The A4 received a significant visual and mechanical update in 2001 and then again in in 2005 and again in 2008. Though the current generation is considered a little long in the tooth, it remains the mainstay of the Audi range and is a popular alternative to BMW’s perennial 3-series.

Other Resources

Wikipedia: Audi A4 (to be taken with a grain of salt, of course)
Audiforums.com (Enthusiast community for all Audis)
Autos on MSN: Audi A4

Chuck can be followed on Twitter @ChuckWhatTheF where he tweets about cars and other things “dudebros” are talking about.

Some photos in this article are freely sourced from Google. If you take issue with usage of any image, please contact us and we will remove it.

Apr 272012
 

There have been a number of changes in my life over the last several months, but none were bigger than my most recent career decision.
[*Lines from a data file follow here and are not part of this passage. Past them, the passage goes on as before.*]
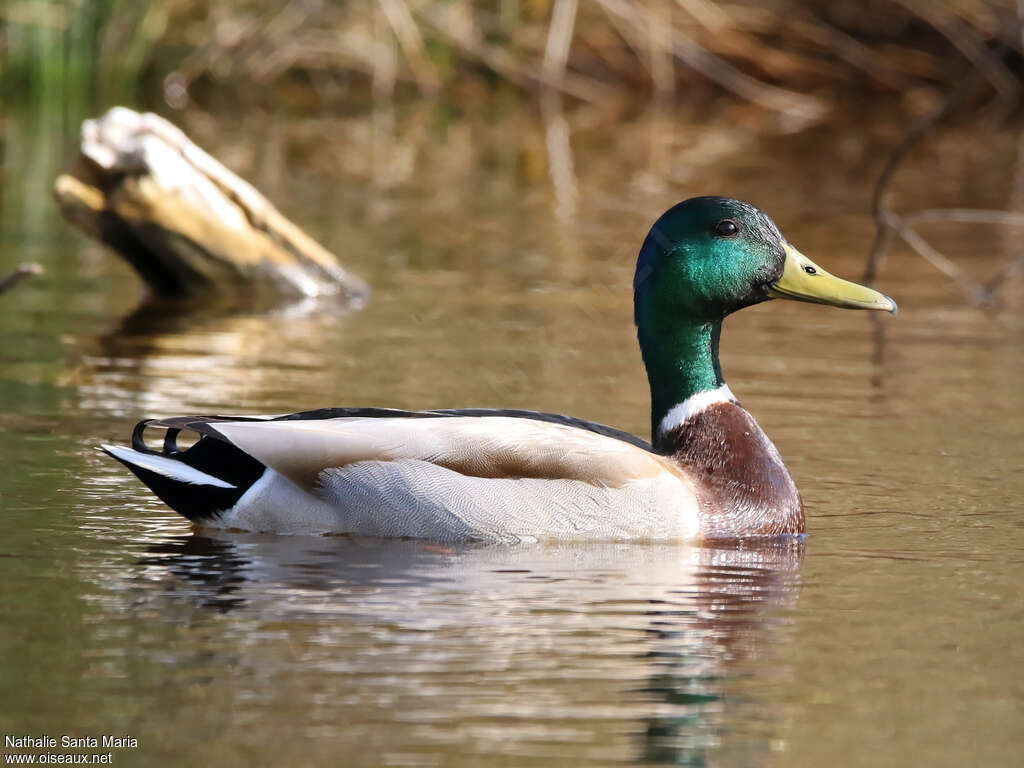 Mallard male adult breeding, swimming, Behaviour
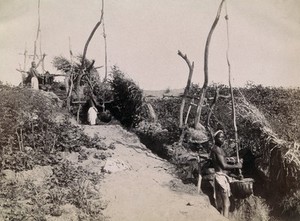 view Shadufs, or water cranes, North Africa: men are shown operating water raising machines. Photograph by P. Sébah, 1870/1886?.
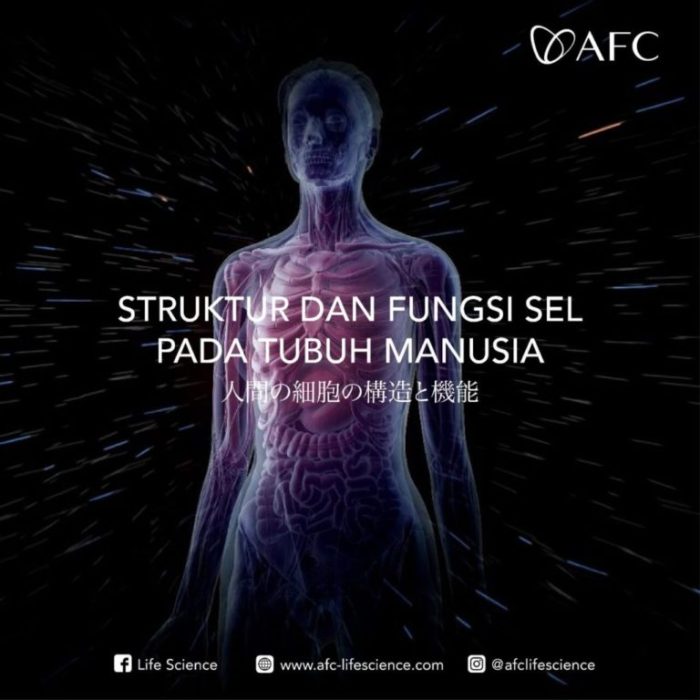 Tubuh Memproduksi Sel Baru Setiap Detik – Benarkah?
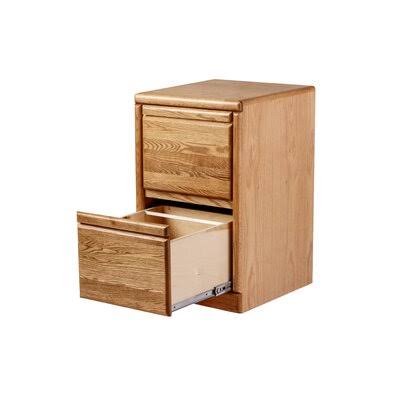 Braunstein 2-Drawer Vertical Filing Cabinet Loon Peak Color: Golden Oak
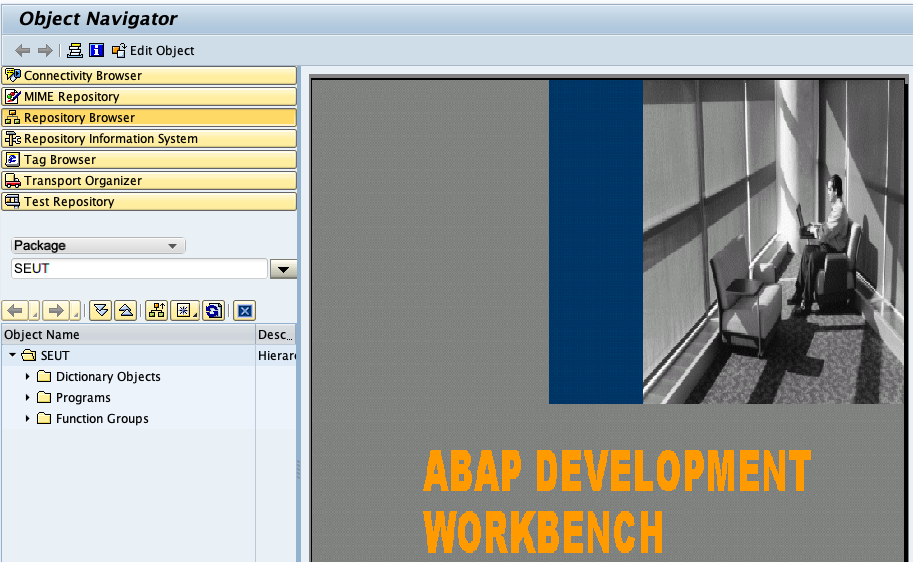 Access the object browser in sap - se80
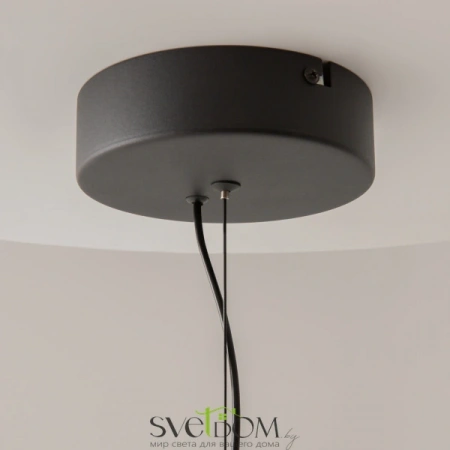 Подвесные светильники Maytoni MOD397PL-L10B3K от Магазина Svetdom.by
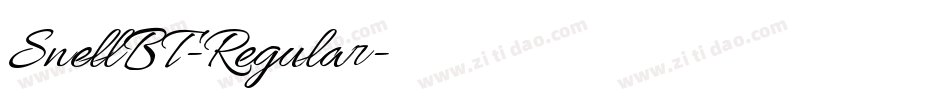 SnellBT-Regular字体转换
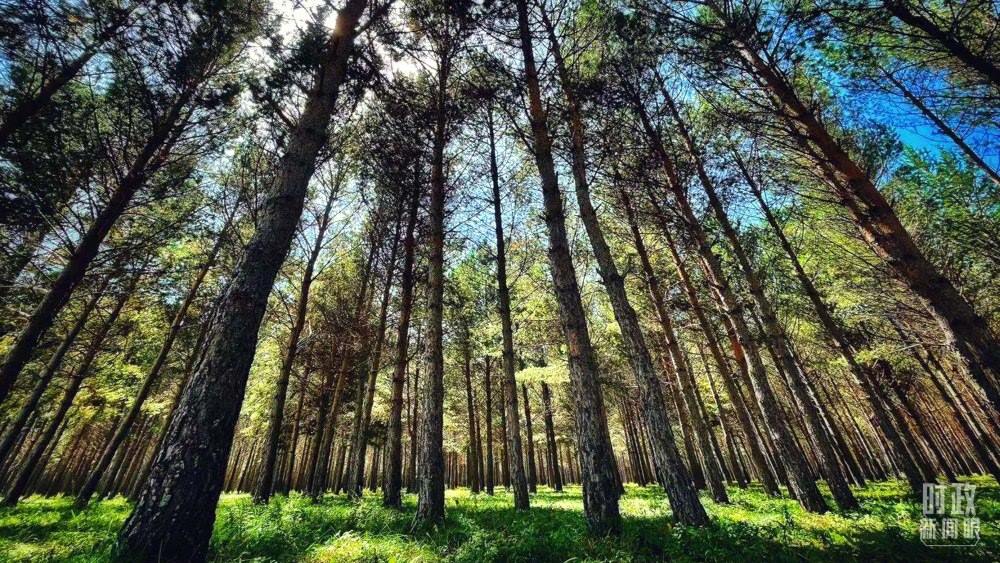 河北塞罕壩。（總臺央視記者謝曉光拍攝）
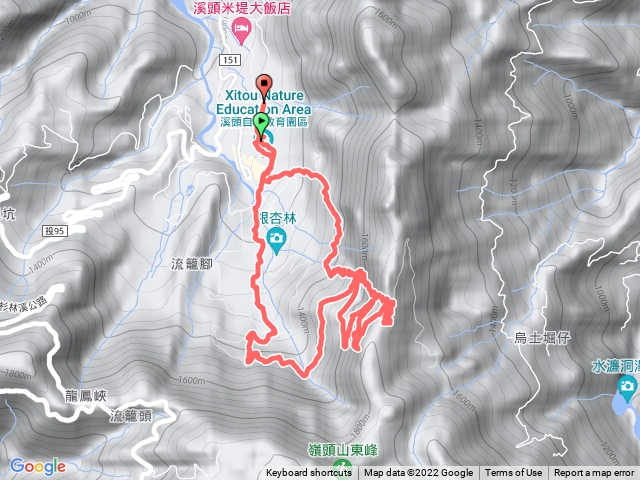 溪頭 賞鳥、登山步道-天文台O型健走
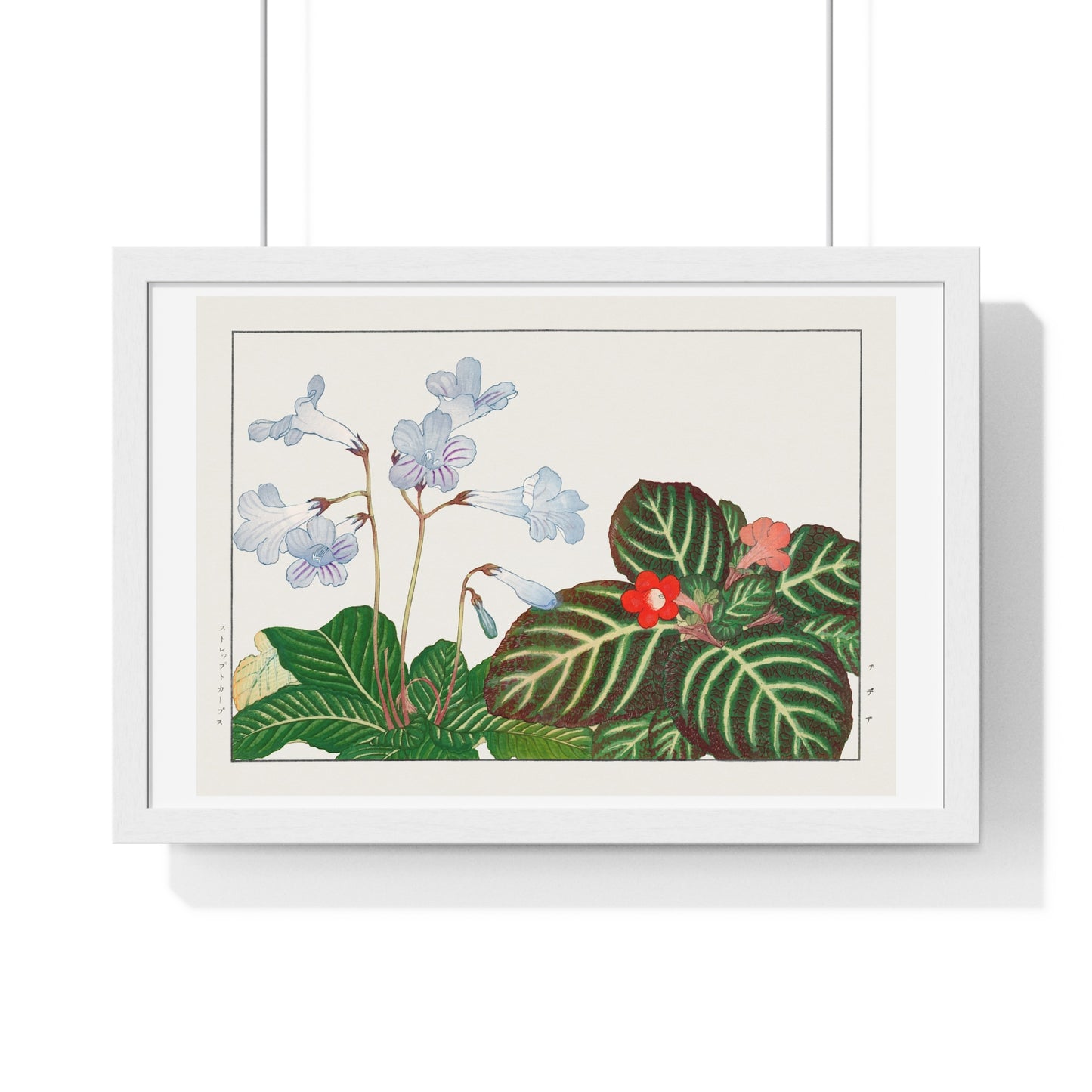 Vintage Tydea and Cape Primrose Flower (1917) Japanese Woodblock Art by Kônan Tanigami, from the Original, Framed Art Print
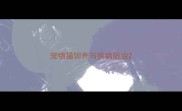 宠物猫饲养与疾病防治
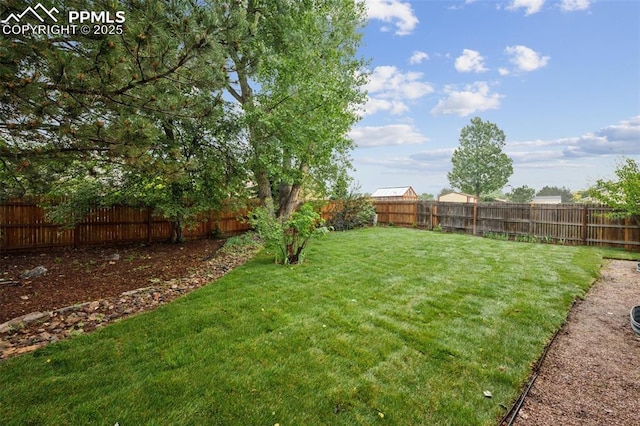 4530 Star Ridge Dr, Colorado Springs, CO 80916 - view of yard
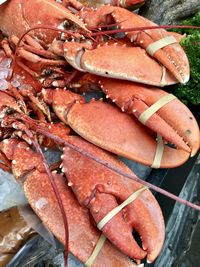 Lobster,  fish market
I was offered (and accepted) a position at a local BMW dealer. My role there is still somewhat in flux, but overall I am thrilled with the move. Learning to work with BMWs, though, has presented a number of challenges for someone who has spent the majority of his automotive life focused on Honda/Acura and Volvo. I wanted this weeks’ COTW to reflect that, so I picked the first BMW that came to my mind:

2000 BMW 323i sedan

Why?

This probably doesn’t seem like the likeliest BMW model to discuss on a site like this. The 323 was the bottom of the E46 3-series line in the U.S. market when it was introduced, taking the place of the defunct 318.  The 323i sedan had smallish 15-inch wheels, leather and power seats were options and, though it was powered by a straight-6, it wasn’t long on power (168 horses). It seems like an odd choice for Car of the Week. So why did I choose it?

Well, put simply I almost bought one and I needed to do a bunch of research to make an informed decision. The car in question was a white 2000 model with fabric, non-power seats. It was clean, but needed work that, if it were done at the dealer, would have cost the owner between $2500 and $3000. None of it represented a major issue, though, and since he was already in a selling mood, I decided to make him a lowball offer. If he took it I could easily take care of the work myself for way less and flip the car for a profit.

Turns out he wasn’t so keen on my offer and, in hindsight, my wallet is probably happier as well. In any case, though, I learned that the 323 was a really sturdy car and, for a BMW at least, not terribly expensive to own. If another one comes to my attention I will have to give it serious consideration.

About the Car

With the elimination of the 318 from BMW’s 3-series line, the 323i became the entry level sedan for the U.S. market. While its 2.5 liter straight-6 engine was an upgrade from the 318′s inline-4, it still only made 168 horsepower. It was a reliable motor, however, and many examples are still ticking with over 150,000 miles on the clock.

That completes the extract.